Top of Provided data

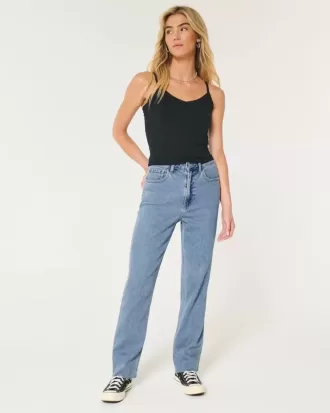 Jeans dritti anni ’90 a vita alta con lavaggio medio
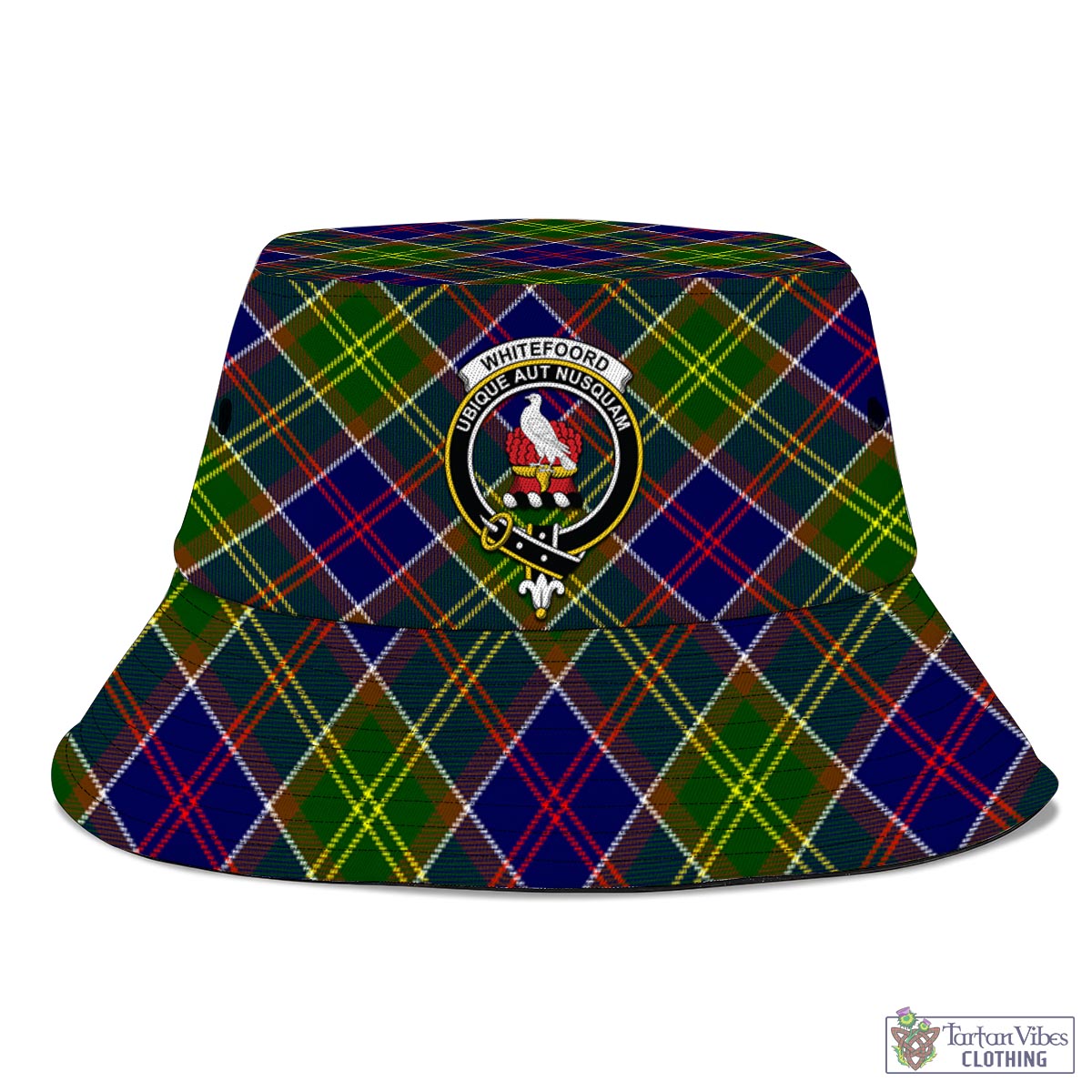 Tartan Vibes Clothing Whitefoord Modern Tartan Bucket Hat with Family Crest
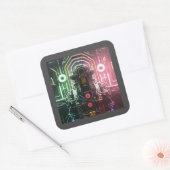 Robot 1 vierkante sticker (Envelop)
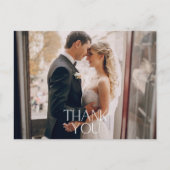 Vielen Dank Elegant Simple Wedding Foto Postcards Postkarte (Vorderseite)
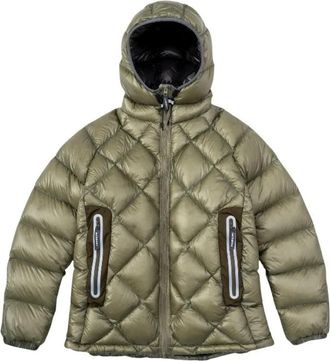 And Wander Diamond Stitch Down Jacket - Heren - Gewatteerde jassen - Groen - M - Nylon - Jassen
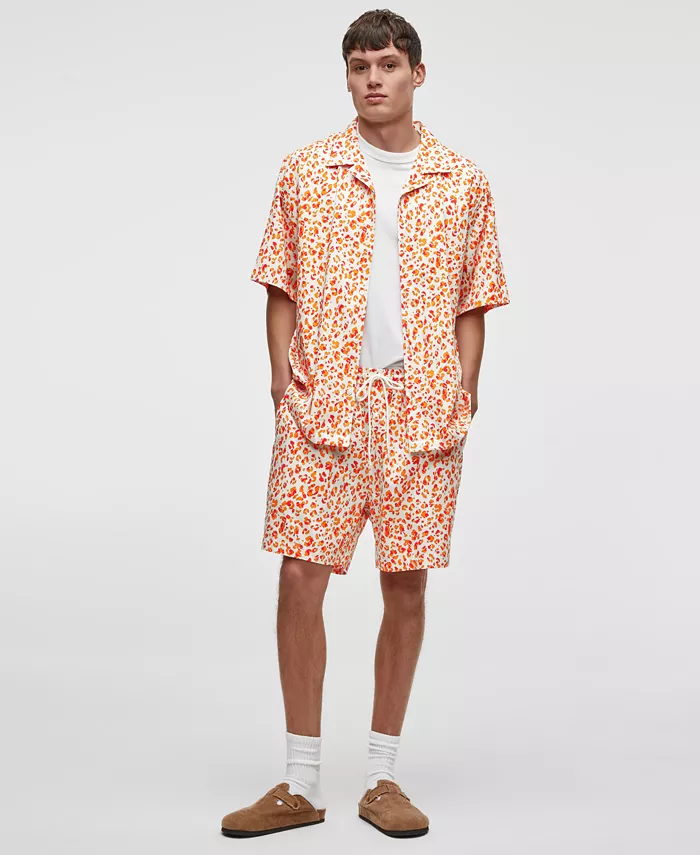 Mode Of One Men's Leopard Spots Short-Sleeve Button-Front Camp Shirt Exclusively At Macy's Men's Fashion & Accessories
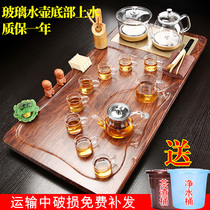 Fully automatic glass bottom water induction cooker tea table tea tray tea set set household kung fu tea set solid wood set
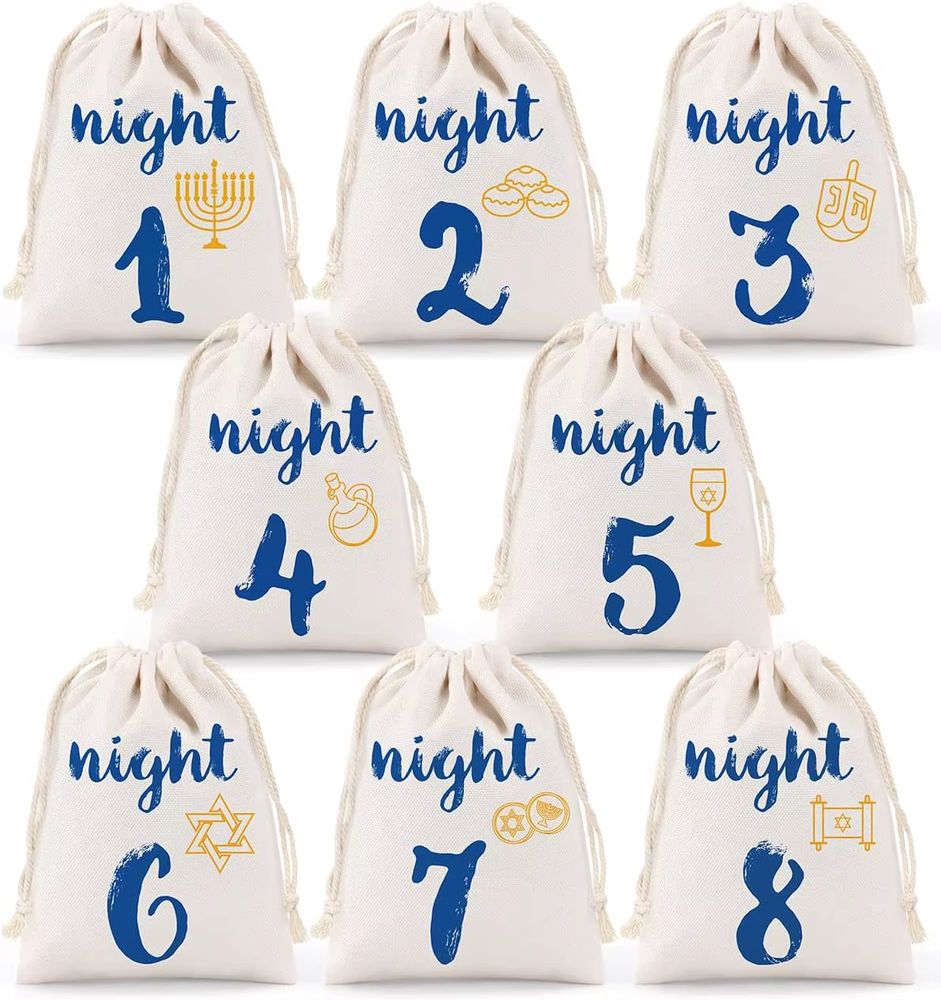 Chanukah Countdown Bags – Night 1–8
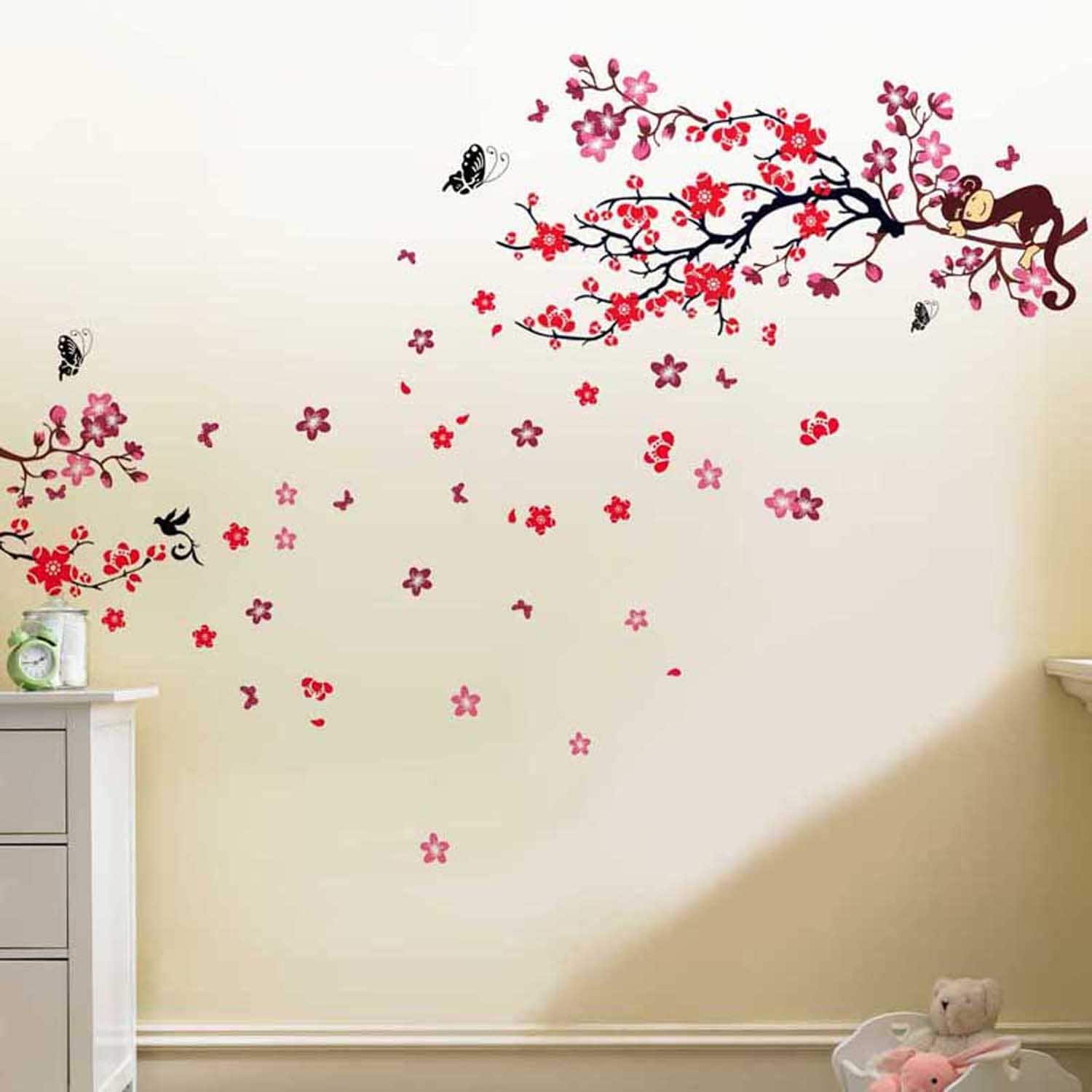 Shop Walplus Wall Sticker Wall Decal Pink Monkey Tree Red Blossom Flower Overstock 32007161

Bottom of Provided data

Exercise aim:
Retype the records above exactly, starting at the line that contains "Robot 1 vierkante sticker (Envelop)" and going through the last line, and leave out any pictures.

Response:
 Robot 1 vierkante sticker (Envelop)
 Vielen Dank Elegant Simple Wedding Foto Postcards Postkarte (Vorderseite)
 And Wander Diamond Stitch Down Jacket - Heren - Gewatteerde jassen - Groen - M - Nylon - Jassen
 Mode Of One Men's Leopard Spots Short-Sleeve Button-Front Camp Shirt Exclusively At Macy's Men's Fashion & Accessories
 Fully automatic glass bottom water induction cooker tea table tea tray tea set set household kung fu tea set solid wood set
 Chanukah Countdown Bags – Night 1–8
 Shop Walplus Wall Sticker Wall Decal Pink Monkey Tree Red Blossom Flower Overstock 32007161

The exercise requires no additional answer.